■ Your goal
Please set down, unchanged, each line from the one with "Bảng vinh danh kỷ niệm chương" to the final line of the data below, both included. Drop the pictures.

Data in this exercise: Begin

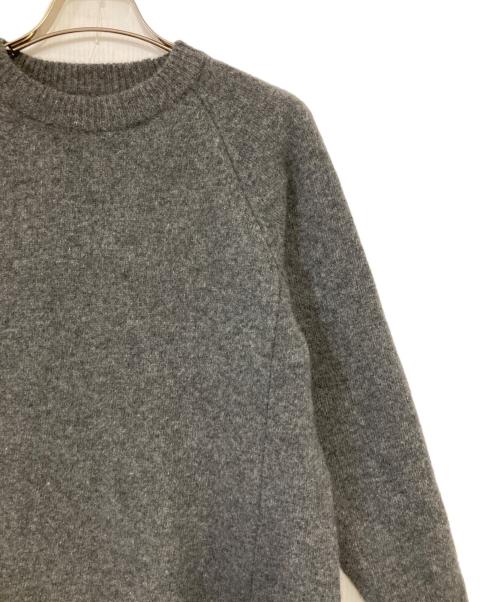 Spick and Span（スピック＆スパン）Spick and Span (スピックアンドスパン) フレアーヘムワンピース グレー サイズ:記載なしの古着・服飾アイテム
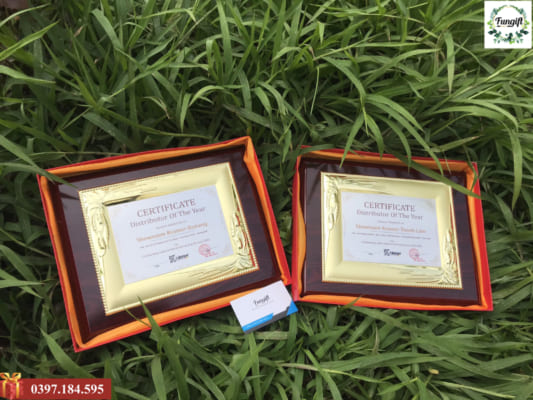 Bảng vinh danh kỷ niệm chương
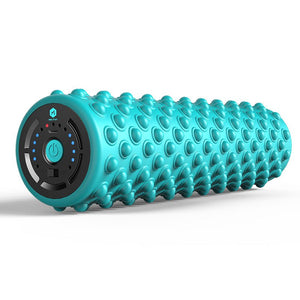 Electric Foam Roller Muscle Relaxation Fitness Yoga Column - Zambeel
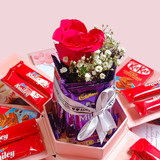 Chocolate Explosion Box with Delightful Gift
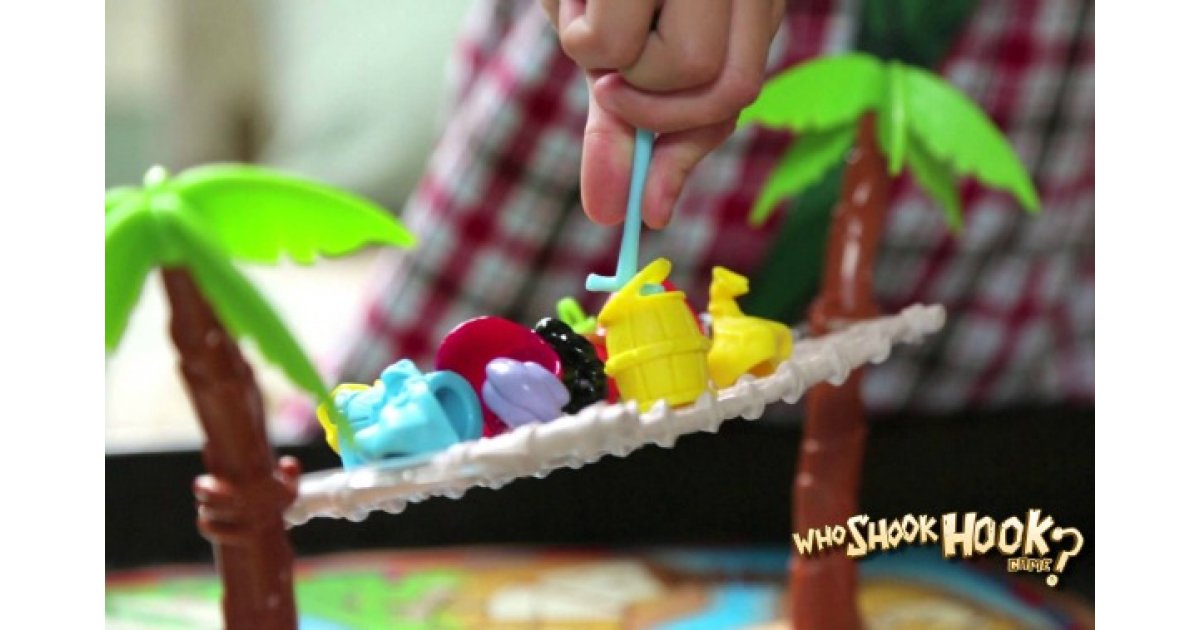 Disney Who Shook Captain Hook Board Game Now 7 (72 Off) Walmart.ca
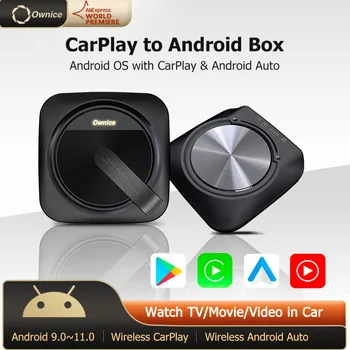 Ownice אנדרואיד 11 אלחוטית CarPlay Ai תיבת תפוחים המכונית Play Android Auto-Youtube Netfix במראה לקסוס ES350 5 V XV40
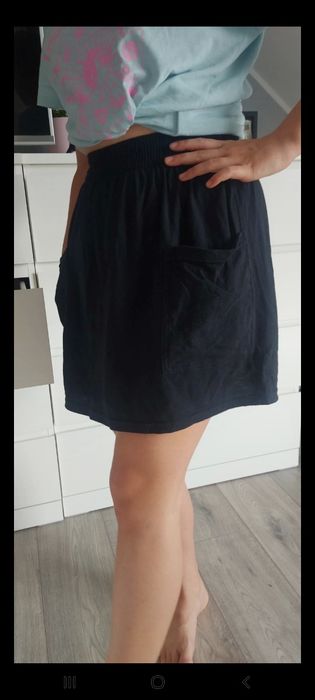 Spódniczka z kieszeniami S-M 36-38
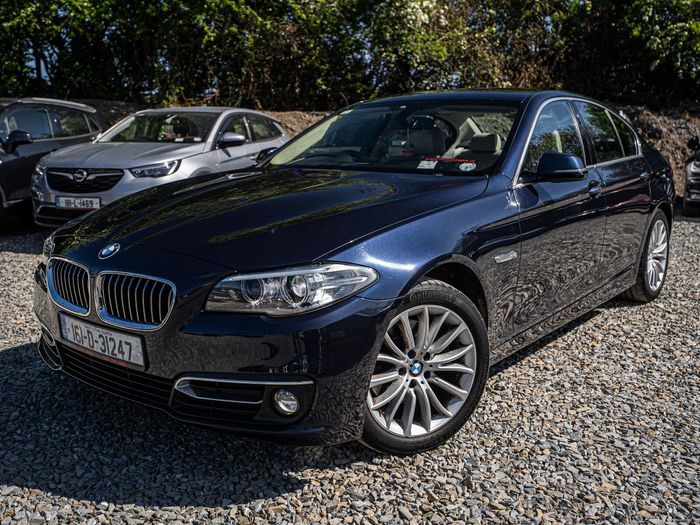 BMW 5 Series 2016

Data in this exercise: End

■ Problem solution
 Bảng vinh danh kỷ niệm chương
 Electric Foam Roller Muscle Relaxation Fitness Yoga Column - Zambeel
 Chocolate Explosion Box with Delightful Gift
 Disney Who Shook Captain Hook Board Game Now 7 (72 Off) Walmart.ca
 Ownice אנדרואיד 11 אלחוטית CarPlay Ai תיבת תפוחים המכונית Play Android Auto-Youtube Netfix במראה לקסוס ES350 5 V XV40
 Spódniczka z kieszeniami S-M 36-38
 BMW 5 Series 2016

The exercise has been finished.